*** Opening of The input ***

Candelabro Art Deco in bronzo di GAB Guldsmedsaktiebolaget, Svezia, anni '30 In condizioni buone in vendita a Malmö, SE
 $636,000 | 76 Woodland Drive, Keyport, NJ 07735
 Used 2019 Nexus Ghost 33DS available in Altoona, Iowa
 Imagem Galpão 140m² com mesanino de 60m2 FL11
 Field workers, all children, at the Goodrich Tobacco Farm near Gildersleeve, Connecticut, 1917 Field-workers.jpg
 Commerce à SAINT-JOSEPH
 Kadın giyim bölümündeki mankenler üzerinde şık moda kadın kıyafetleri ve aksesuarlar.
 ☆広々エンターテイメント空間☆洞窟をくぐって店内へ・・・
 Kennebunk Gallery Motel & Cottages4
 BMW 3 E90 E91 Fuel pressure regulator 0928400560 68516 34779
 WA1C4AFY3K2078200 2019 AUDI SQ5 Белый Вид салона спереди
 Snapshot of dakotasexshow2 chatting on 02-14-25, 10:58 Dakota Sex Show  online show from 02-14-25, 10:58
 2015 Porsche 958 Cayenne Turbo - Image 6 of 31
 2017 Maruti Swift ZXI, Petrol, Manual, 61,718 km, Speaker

*** Close of The input ***

◆ The problem ◆
All lines above from the one containing "Used 2019 Nexus" to the one containing "Snapshot of dakotasexshow2" must be repeated exactly, both lines included, and no others.

◆ Result of the exercise ◆
 Used 2019 Nexus Ghost 33DS available in Altoona, Iowa
 Imagem Galpão 140m² com mesanino de 60m2 FL11
 Field workers, all children, at the Goodrich Tobacco Farm near Gildersleeve, Connecticut, 1917 Field-workers.jpg
 Commerce à SAINT-JOSEPH
 Kadın giyim bölümündeki mankenler üzerinde şık moda kadın kıyafetleri ve aksesuarlar.
 ☆広々エンターテイメント空間☆洞窟をくぐって店内へ・・・
 Kennebunk Gallery Motel & Cottages4
 BMW 3 E90 E91 Fuel pressure regulator 0928400560 68516 34779
 WA1C4AFY3K2078200 2019 AUDI SQ5 Белый Вид салона спереди
 Snapshot of dakotasexshow2 chatting on 02-14-25, 10:58 Dakota Sex Show  online show from 02-14-25, 10:58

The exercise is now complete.